Interesting topic as I am beginning to contemplate this very dilemma right now. Final child turns 16 in November. My summer car is a showroom condition 1983 Mazda RX-7 that I will not allow to see a Minnesota winter. I also have a 1991 Mercury Colony Park with about 110,000 miles that is in 40,000 mile car condition that I will also not allow to see a Minnesota winter. My regular driver is a 2005 Mazda RX-8 with an automatic (so the wife and daughters can drive it when needed – ahh the art of compromise) that has about 90,000 miles and has a book value around $7,000 and has many airbags and all the modern safety equipment.
I would LOVE to have an RX-8 with a 6 speed manual. When the daughter gets her license, it will be extremely helpful for her to have a car to make our life easier to accommodate her basketball and work schedule, etc.
Do I:
A) Buy a used Mazda6 in the $6-8,000 price range for her use and I keep using my RX-8 as my daily driver.

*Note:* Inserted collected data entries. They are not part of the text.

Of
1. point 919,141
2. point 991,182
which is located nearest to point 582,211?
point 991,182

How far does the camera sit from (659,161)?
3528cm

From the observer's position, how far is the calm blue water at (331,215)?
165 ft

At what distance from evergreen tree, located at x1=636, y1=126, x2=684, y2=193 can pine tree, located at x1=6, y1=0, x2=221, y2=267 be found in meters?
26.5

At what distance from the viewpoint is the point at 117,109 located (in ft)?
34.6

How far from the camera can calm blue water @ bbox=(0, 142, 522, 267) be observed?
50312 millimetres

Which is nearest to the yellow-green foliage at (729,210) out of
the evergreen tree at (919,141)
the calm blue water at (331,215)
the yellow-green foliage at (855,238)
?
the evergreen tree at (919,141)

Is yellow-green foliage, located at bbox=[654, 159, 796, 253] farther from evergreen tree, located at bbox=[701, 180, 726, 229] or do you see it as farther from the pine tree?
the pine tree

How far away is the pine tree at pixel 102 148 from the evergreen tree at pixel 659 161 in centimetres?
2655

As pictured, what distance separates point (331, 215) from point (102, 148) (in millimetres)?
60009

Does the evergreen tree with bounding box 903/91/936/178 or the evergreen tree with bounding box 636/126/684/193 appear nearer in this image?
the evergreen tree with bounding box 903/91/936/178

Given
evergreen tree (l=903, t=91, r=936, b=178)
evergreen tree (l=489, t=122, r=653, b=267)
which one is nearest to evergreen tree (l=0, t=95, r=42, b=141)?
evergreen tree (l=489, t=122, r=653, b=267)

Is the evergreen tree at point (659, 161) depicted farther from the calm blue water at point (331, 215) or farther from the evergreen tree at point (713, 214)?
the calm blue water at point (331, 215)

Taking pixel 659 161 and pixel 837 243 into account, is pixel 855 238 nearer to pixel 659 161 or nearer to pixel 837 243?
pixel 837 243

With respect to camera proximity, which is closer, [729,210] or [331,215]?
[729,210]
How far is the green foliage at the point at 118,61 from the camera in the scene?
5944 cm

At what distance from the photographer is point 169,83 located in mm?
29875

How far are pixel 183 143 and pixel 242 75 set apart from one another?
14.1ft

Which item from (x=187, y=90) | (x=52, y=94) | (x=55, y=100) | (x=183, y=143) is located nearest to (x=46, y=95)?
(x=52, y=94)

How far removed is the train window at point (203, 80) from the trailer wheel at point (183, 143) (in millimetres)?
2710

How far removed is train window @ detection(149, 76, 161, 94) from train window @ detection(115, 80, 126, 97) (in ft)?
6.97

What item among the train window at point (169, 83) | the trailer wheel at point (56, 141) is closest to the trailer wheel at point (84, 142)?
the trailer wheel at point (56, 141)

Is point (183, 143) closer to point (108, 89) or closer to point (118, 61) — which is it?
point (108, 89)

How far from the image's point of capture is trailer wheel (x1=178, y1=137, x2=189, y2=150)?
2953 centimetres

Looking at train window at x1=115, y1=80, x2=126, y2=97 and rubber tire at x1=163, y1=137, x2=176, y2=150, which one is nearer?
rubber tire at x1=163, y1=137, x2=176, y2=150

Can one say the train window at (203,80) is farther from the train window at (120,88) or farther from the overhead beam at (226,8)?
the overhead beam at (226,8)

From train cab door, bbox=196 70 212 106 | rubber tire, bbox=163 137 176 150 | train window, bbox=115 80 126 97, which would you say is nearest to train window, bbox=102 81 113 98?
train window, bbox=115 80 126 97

B) Since I already have a $7,000 used car (the RX-8) which I know the history of, have her use that car and I acquire an ’09-’11 RX-8 with the 6 speed manual, having the daughter’s with the automatic as the family backup.
C) Find a very good used first generation Mazda Miata to use as a winter daily driver. These can be had for well under $5,000, some with the removable hardtop. Good on gas and practically bullet proof, but a little tight inside compared to an RX-7.
D) Use the opportunity to justify expanding the collection by acquiring a more modern second gen RX-7 (’86-’91) model that I use as the daily driver. Instead of spending $17K on a newer RX-8, I spend maybe $5K on an older RX-7.
I like the idea of a vintage car as a daily driver. If only the Minnesota winters were not so darn hard on equipment.
Anyody else had this sort of dilemma?
Joe,
some people wish they had that “problem”, what to do what to do…
Nice collection you’ve got there.
You may be dead set against it, but a used Mazda Tribute might be a decent first car for the daughter. New driver and awd might be a nice combo for your Minnesota winters.
Maybe a B3000 4×4 pickkup?
I’d imagine a Miata would be a pretty good little beastie in the snow with a set of Blizzaks. I think I’d have a hard time not getting the daughter a Tribute and then going out a picking up that 6 speed RX-8 you want. Life is short to not spend a little bit of cash for alot of enjoyment.
Absolutely hilarious that you mention the Tribute. My wife’s car is a 2006 Tribute we bought new and now has 90,000 miles and she would have a fit if I bought her something new. She loves it. Daughter number 1 has one semester left in college and we picked up a 2001 Tribute last fall for $4,500 with 165,000 miles that has been perfect for the task. Daughter number 2 is starting her third year in college and has a 2004 Tribute picked up this spring. Awesome car for the task.
Yes, I operate a fleet, more by accident than design. Older girls and my wife each need a car to deal with work, school, etc. Soon enough they will be on their own and those cars come off my fleet. Can’t happen soon enough. The Colony Park was picked up in 2002 for $4,500 and after 4 trips to Disney World, years of pulling a folding camper and taking two kids to college, is now a family heirloom and I would be in BIG trouble if I sold it. The 1983 RX-7 is really the one “toy,” but at $4,500 for a 54,000 mile one owner, is not very expensive.
Daughter number 3 is more athletic and sporty, but a little country. I have shown her pictures of my first ever new car, a 1987 Mazda B2000 SE-5 and she absolutely wants that truck. Bad. I loved that truck. Best little pickup ever. Period. But, they don’t make ’em like that anymore, sadly, though I also explained to her that I would probably be charged with child endangerment if I put her in a car with so little safety equipment, so it would never happen.
Winter tires on a perfectly balanced RWD chassis is as good a winter car as I have ever had. Far better than a top heavy unbalanced SUV.